Gene therapy is curative for haemophilia A. One treatment, valoctogene roxaparvovec (Roctavian) has been licensed for clinical use by the Food and Drug Administration in the USA¹⁷ and the European Medicines Association,¹⁸ but not, at the time of writing, by the UK's Medicines and Healthcare products Regulatory Agency.

Monitoring¹³

• During the prophylaxis phases clinical and laboratory markers should be used for monitoring.

• Adherence should regularly be determined and noted.

• Factor VIII levels should be routinely measured.

• Inhibitor screening should be performed 6-12 months after initiating factor VIII replacement therapy, and annually thereafter.

  • It should be performed more frequently if there are recurrent bleeds despite standard factor replacement.

Complications of haemophilia A

• Degenerative joint disease due to recurrent haemarthrosis.

• Antibody inhibitor formation affects about 25-30%, reducing efficacy of therapy.¹⁹

• Life-threatening haemorrhage.

• The use of plasma-derived factor VIII, before the availability of recombinant products, led to infection with HIV, hepatitis B virus (HBV) and hepatitis C virus (HCV) in many people with haemophilia.²⁰²¹ One case of likely transmission of variant Creutzfeldt-Jakob disease (vCJD) by UK factor VIII concentrates has been reported in an elderly person with haemophilia in the UK. The recent report of a blood test that may be used to detect vCJD has raised the possibility of a new way to identify infected individuals, perhaps even before the onset of clinical symptoms.²²

• Immune toleration induction (ITI) is recommended for patients with severe haemophilia A and a persistent inhibitor that interferes with prophylaxis or treatment of bleeds at standard doses of factor VIII inhibitor. ITI involves giving small amounts of factor concentrate irregularly over a period of time until inhibitor antibodies are no longer produced.¹⁰

• Bleeds due to a failure to respond to factor VIII should be treated using either prothrombin complex concentrates or recombinant factor VIIa. In mild-to-moderate haemophilia, a trial of immunosuppression should be given.¹⁰

Prognosis

This is much improved with modern recombinant factor VIII and approaches near-normal life expectancy. Gene therapy offers a cure for haemophilia, and is likely to become more widely available in the near future.

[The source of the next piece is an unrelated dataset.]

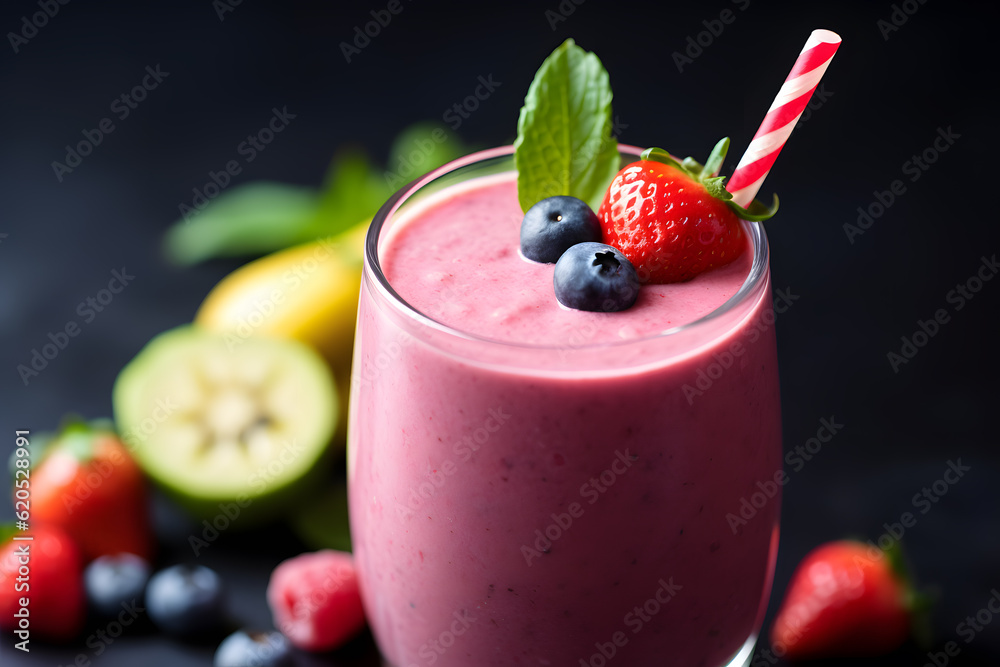 Delicious summer drink with lavender, drink, outdoor, fun, party Delicious summer drink with lavender, drink, outdoor, fun, party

Patients should avoid competitive contact sports which will increase the risk of haemarthroses and head injuries. However, they should be encouraged to take part in other sports - eg, racquet sports, athletics or swimming.¹⁵

Preventing haemophilia A

• Genetic screening for carrier mothers and affected families.

• Patient education helps to prevent morbidity and mortality associated with acute bleeds.

• Medical emergency identification bracelets or similar can help to identify sufferers rapidly in case of haemorrhage/trauma, etc.